• **Task details**: In the listing below, find the line containing "2021 Trek 820 Black" and the line containing "1个戴着护目镜的愤怒鸭摆件，". Repeat exactly those two lines and every line between them.

#####

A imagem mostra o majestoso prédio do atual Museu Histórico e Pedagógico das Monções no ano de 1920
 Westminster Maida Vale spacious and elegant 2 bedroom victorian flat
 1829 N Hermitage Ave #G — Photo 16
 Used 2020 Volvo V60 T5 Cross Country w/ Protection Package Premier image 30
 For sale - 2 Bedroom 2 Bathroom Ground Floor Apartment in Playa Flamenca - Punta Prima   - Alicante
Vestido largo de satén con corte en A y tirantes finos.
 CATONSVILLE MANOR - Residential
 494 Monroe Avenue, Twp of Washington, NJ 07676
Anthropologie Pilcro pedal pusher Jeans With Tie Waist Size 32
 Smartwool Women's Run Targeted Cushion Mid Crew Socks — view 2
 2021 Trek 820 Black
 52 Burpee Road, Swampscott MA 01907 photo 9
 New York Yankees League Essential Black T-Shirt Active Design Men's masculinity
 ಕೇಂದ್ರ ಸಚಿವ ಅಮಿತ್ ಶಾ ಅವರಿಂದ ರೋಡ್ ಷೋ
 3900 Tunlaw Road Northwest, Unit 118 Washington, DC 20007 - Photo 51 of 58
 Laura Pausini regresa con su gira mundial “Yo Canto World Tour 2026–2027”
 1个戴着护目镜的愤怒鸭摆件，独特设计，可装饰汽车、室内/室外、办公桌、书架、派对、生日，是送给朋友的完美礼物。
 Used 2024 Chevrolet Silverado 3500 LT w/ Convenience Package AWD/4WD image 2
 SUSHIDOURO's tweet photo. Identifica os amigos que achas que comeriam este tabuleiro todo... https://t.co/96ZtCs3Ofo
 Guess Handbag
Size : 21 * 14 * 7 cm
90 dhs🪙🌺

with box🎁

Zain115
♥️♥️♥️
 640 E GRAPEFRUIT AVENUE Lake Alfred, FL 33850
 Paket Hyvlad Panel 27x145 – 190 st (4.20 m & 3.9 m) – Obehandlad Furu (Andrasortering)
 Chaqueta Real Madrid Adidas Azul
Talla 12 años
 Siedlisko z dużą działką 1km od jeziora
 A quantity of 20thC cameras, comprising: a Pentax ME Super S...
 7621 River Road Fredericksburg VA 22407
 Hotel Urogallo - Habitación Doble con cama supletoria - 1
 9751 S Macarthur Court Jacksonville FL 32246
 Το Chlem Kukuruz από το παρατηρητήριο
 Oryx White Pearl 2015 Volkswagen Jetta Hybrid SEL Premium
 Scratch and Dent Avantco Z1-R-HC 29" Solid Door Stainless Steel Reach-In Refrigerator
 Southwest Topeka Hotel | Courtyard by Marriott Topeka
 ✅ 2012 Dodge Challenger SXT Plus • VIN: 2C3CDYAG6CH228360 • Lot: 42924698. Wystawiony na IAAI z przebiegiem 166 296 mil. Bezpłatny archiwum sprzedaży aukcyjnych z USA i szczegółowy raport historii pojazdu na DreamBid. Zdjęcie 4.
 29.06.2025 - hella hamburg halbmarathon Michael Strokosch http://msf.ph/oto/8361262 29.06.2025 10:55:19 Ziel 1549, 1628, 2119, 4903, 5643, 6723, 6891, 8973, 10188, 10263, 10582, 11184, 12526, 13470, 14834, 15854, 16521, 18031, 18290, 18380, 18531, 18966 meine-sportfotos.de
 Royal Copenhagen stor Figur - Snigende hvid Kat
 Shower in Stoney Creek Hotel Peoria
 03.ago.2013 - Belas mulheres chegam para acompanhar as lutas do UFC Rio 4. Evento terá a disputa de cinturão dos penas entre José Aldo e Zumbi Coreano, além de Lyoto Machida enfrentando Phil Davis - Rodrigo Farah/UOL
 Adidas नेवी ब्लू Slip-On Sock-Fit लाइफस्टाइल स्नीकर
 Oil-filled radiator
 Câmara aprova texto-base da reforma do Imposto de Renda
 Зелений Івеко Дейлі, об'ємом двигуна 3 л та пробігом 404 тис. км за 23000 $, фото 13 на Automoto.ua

#####

• **Reply to the exercise**:
 2021 Trek 820 Black
 52 Burpee Road, Swampscott MA 01907 photo 9
 New York Yankees League Essential Black T-Shirt Active Design Men's masculinity
 ಕೇಂದ್ರ ಸಚಿವ ಅಮಿತ್ ಶಾ ಅವರಿಂದ ರೋಡ್ ಷೋ
 3900 Tunlaw Road Northwest, Unit 118 Washington, DC 20007 - Photo 51 of 58
 Laura Pausini regresa con su gira mundial “Yo Canto World Tour 2026–2027”
 1个戴着护目镜的愤怒鸭摆件，独特设计，可装饰汽车、室内/室外、办公桌、书架、派对、生日，是送给朋友的完美礼物。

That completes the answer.